**DIRECTIONS**
From the line that contains "Ghi nhớ những" to the end of the entries, copy each line exactly, though the pictures stay out.

[Captioned web images]

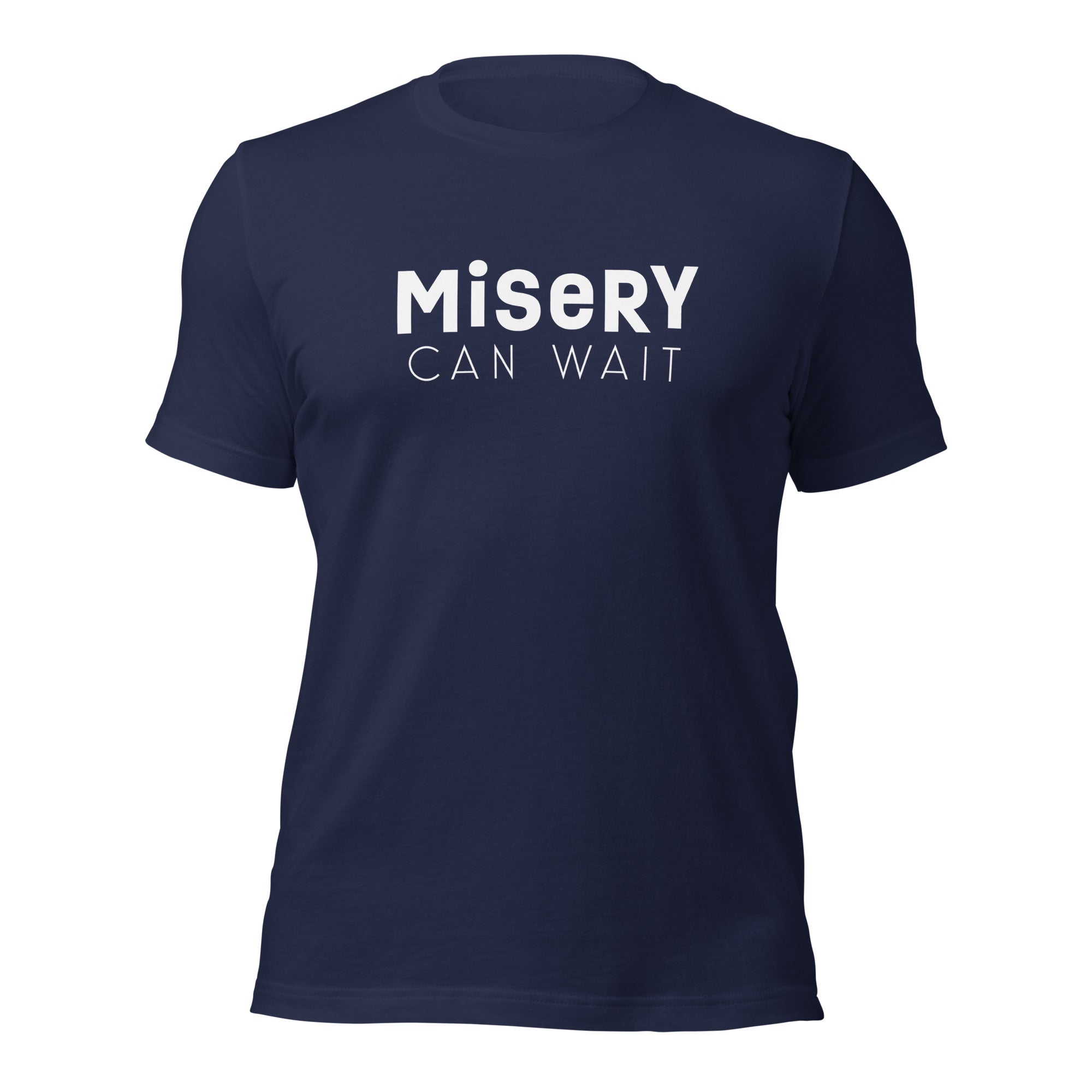 Misery Can Wait T-shirt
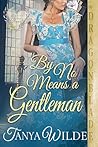 By No Means a Gentleman (Ladies Who Dare #2) Book cover for By No Means a Gentleman (Ladies Who Dare #2)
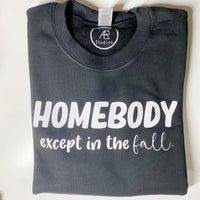 HOMEBODY except in the fall Crewneck Sweatshirt - Size Large - Mess Up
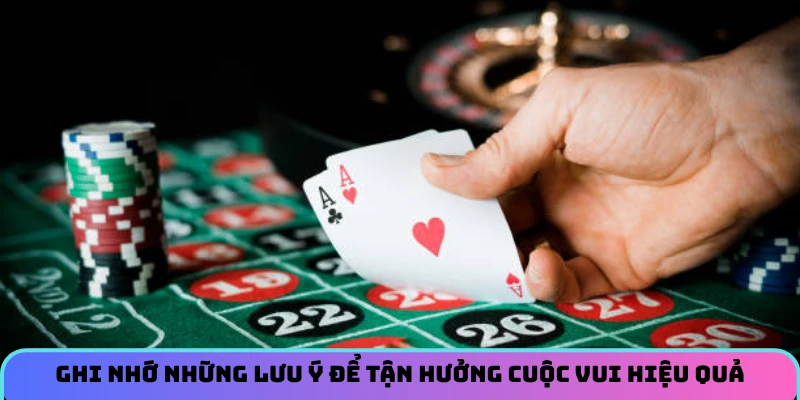 Ghi nhớ những lưu ý để tận hưởng cuộc vui hiệu quả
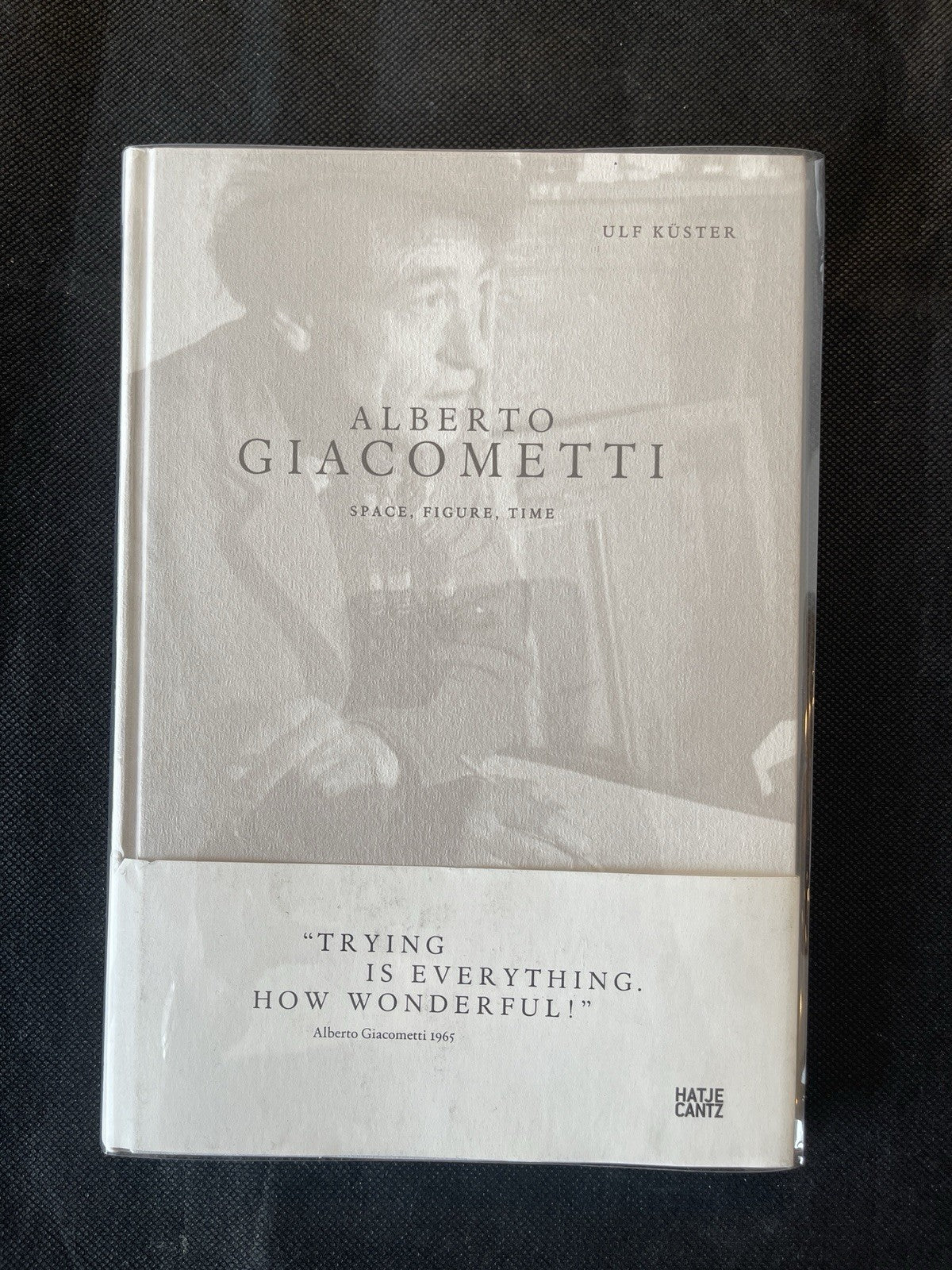 Alberto Giacometti: Space, Figure, Time by Ulf Kuster (Hardcover, 2009). MINT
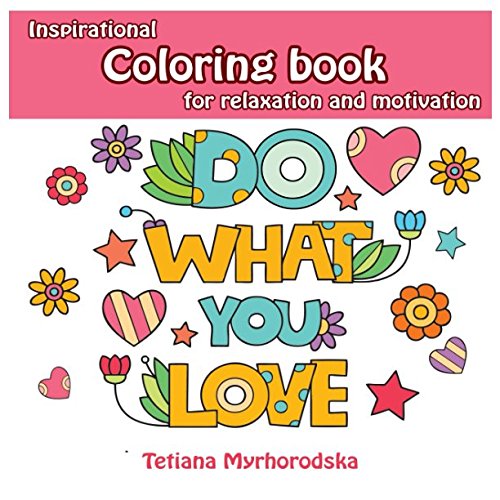 Coloring Book: An Anti-Stress Coloring Book for Adults Relaxation with Motivational Quotes That Will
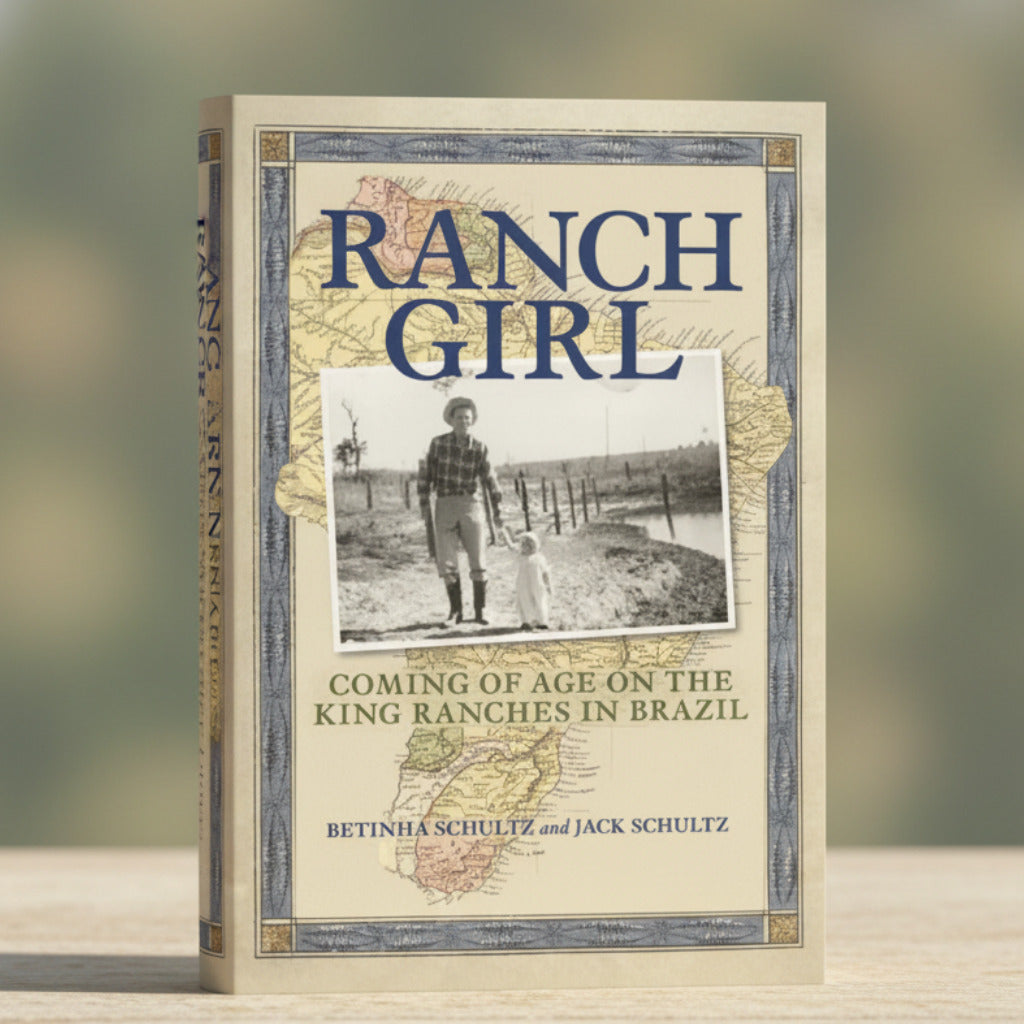 Ranch Girl: Coming of Age On The King Ranches In Brazil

**TASK SOLUTION**
 Ghi nhớ những lưu ý để tận hưởng cuộc vui hiệu quả
 Alberto Giacometti: Space, Figure, Time by Ulf Kuster (Hardcover, 2009). MINT
 Coloring Book: An Anti-Stress Coloring Book for Adults Relaxation with Motivational Quotes That Will
 Ranch Girl: Coming of Age On The King Ranches In Brazil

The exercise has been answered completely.